He claimed that the worst is yet to come and the need for Niue to improve its health and response capacity.
Vivian emphasized the importance of returning to traditional resources and not relying to heavily on New Zealand.
Former Wellington Mayor Mark Blumsky highlighted concerns over Niue’s recent audit reports tabled in Parliament stating that it was a reputational risk for Niue.
Blumsky stated that Niue needs to know how important donors are and how poor it looks when accountability and transparency are not followed.
He also highlighted that apart from Tourism being a key sector, agriculture is a major potential for generating revenue particularly hydroponics, drawing on his experiences of a hydroponics business on the island.

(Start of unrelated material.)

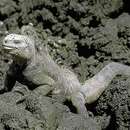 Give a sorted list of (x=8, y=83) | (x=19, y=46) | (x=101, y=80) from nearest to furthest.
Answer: (x=19, y=46) < (x=8, y=83) < (x=101, y=80)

Blumsky said he knows there is a big market in New Zealand as Niue’s herbs are in demand and could be a lucrative commodity for Niue.
Another Common Roll candidate, Catherine Papani emphasized that actions speak louder than words when it comes to leadership and service to the people which she aspires to do if elected to Parliament.
Papani said she aims to improve Niue’s standing and improve infrastructure and strengthen the private sector.
She said there needs to be a level playing field with the State-Owned Enterprises and the private sector which usually compete in an already small country.
One of the youngest candidates Kenneth Green said he is advocating for more youth participation in politics, proposing for two common roll seats to be reserved for youths.
He said he also aims to do more for the advancement and empowerment of youths through more engagement in various avenues.
Participants also had the opportunity to ask the candidates directly about various issues.